A large review study recently published in Nature Plants journal by Washington State University researchers examined the performance of organic farming according to productivity, environmental impact, economic viability and social well-being as well as some of the barriers for the adoption of organic farming systems and the policies needed to overcome them.
Data from meta-analysis-based studies indicate that organic farming systems produce lower yields compared with conventional agriculture, however, this must also be considered with caution, because no single farming system or practice works best everywhere. Improvements in the management of organic systems may close this yield gap between both agricultural systems. In addition, under severe drought conditions (expected to increase with climate change), organically managed farms have been shown to produce higher yields than their conventional counterparts.
Organic farming systems are considered more profitable and environmentally friendly (greater soil carbon levels, better soil quality, less soil erosion, more biodiversity and more energy efficient) than conventional farming systems.
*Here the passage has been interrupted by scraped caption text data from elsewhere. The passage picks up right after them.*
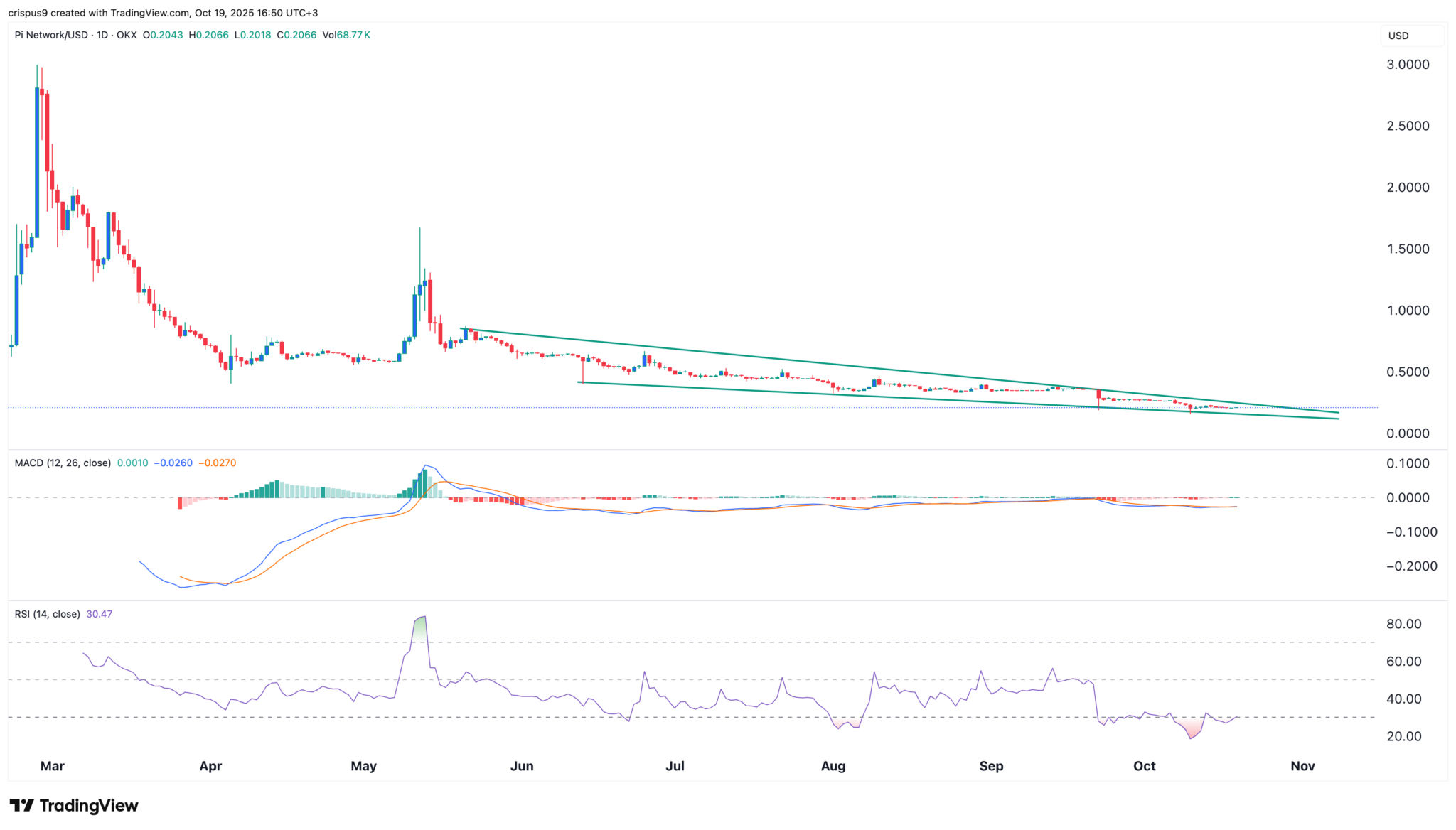 Les crypto-monnaies les plus importantes de cette semaine : Pi Network, Toncoin, Cardano - La Crypto Monnaie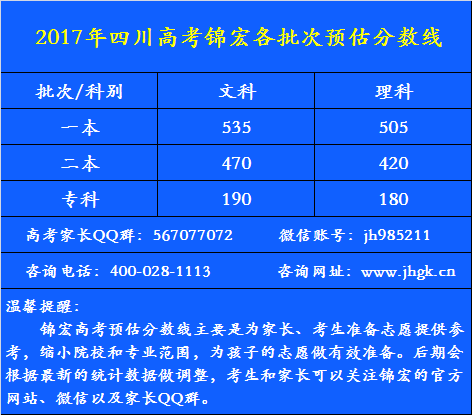 省控线.png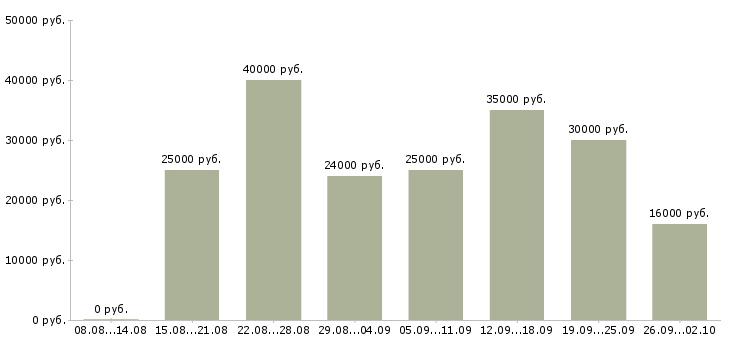 Вакансии менеджер в интернете в Ульяновске - Медиана зарплат менеджер в интернете в Ульяновске за 2 месяца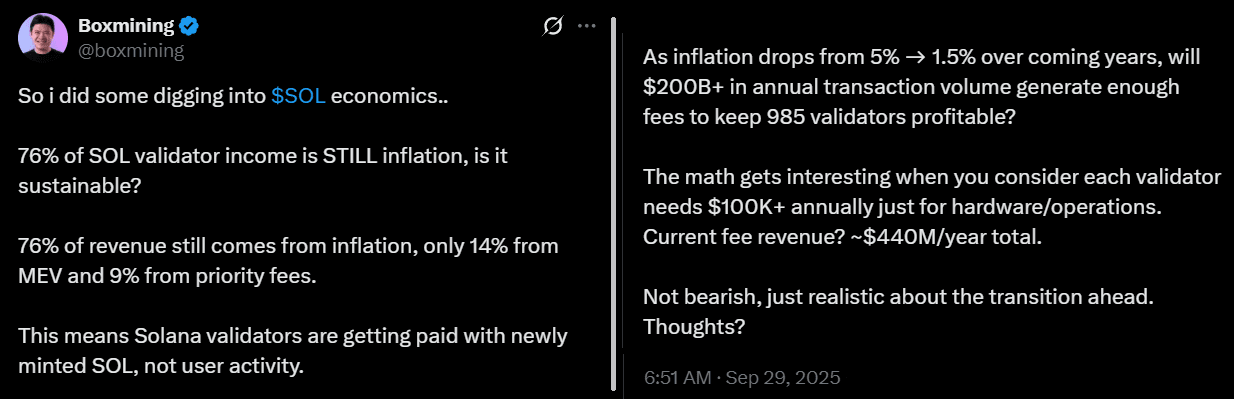 Cryptocurrencies, SEC, Price Analysis, Market Analysis, Altcoin Watch, Solana, Staking, ETF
Organic farms were found to have lower nitrate leaching, nitrous oxide emissions and ammonia emissions per unit of field area, but higher leaching and emissions per unit product. Organic agriculture deliver equally or more nutritious foods that contain less (or no) pesticide residues, so there is little to no risk of synthetic pesticide pollution of ground and surface waters as well as lower health risks related to pesticides exposure, compared with conventional farming.
Furthermore, the authors highlight that organic agricultural systems may deliver greater ecosystem services and social benefits and it is more likely to achieve agricultural sustainability; however, significant barriers to implementing organic agriculture exist, such as powerful vested interests and existing policies, lack of information and knowledge, weak infrastructure and other economic challenges, misconception and cultural biases. According to them, the challenge policymakers are facing is to create an environment in which organic and other innovative farming systems can become truly sustainable production systems. In order to achieve this, the synergy of policy makers, scientific community, farmers and public is necessary.